The Wolf Brigade became closely and publicly associated with human rights abuses. There were numerous accounts of human rights violations being carried out by the Wolf Brigade in areas where the Brigade did not operate. Accounts became so widespread that over time, the Wolf Brigade became largely synonymous with the Iraqi police.

US forces in Samarra often handed their captives over to the Wolf Brigade for "further questioning" following repeated raids in 2004 and 2005. A complaint report from the leaked Iraq War Logs alleges in one case that "During the interrogation process the RO [ranking officer] threatened the subject detainee that he would never see his family again and would be sent to the 'Wolf Battalion' where he would be subject to all the pain and agony that the 'Wolf Battalion' is known to exact upon its detainees."

In 2005, the Muslim Scholars Association and other Sunni Arab leaders accused the Wolf Brigade of torturing Palestinian refugees in Iraq, raiding the homes of Sunni Muslims, and committing mass killings in Baghdad. It is also alleged that Abu al-Walid sometimes tortured prisoners personally. Walid dismissed these charges, calling the MSA "infidels." Yet human rights groups say the Wolf Brigade, because of its counterterrorism television show, is violating the Geneva Conventions by publicly humiliating detainees. The militia has also spawned copycat groups, not necessarily under the aegis of the Interior Ministry, with names like the Tiger, Scorpion, or Snake brigades.

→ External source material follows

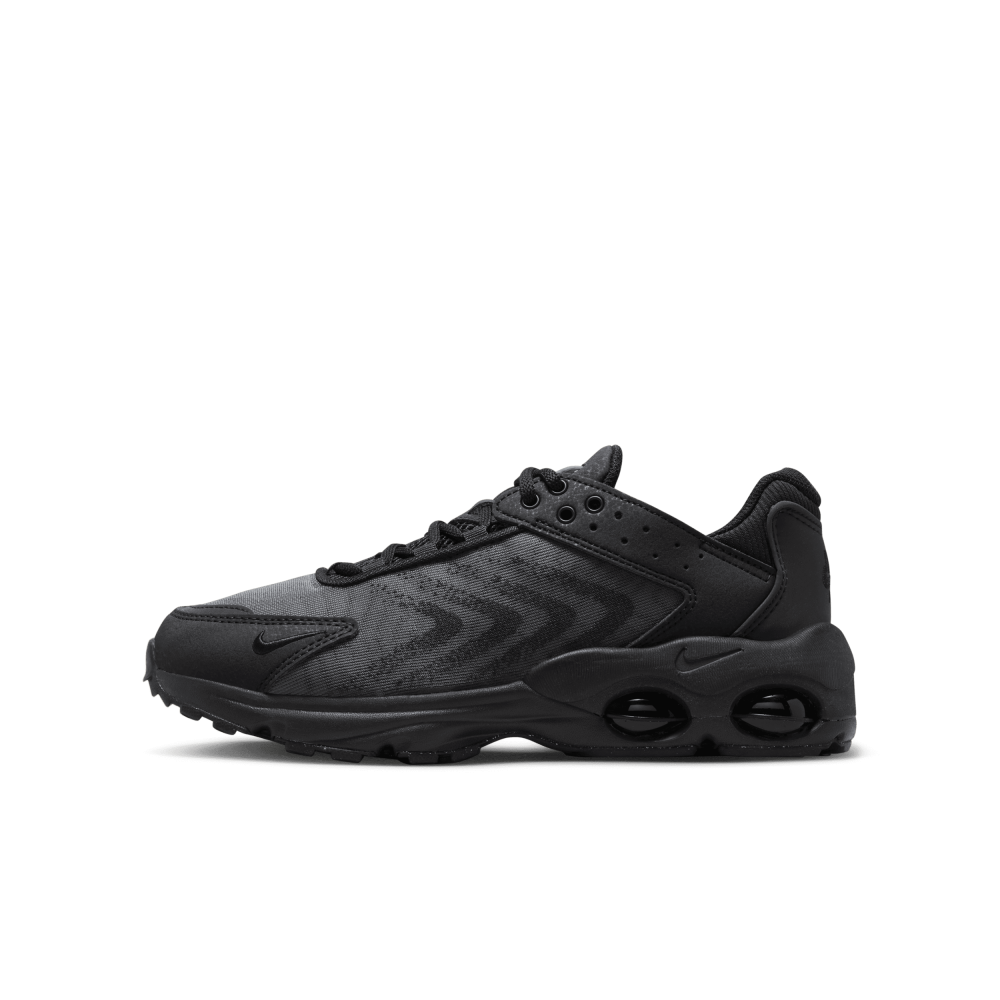Nike Air Max TW DQ0296-002 / schwarz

The Wolf Brigade was reportedly responsible for the July seizure of eleven Sunni bricklayers who were then locked in the back of police cars and held for sixteen hours in scorching-hot temperatures.

==Popular culture==
The brigade's fierceness has given it a mythological aura among Shiite Iraqis: Parents are said to warn their children about the "wolves". There are also patriotic songs devoted to the group.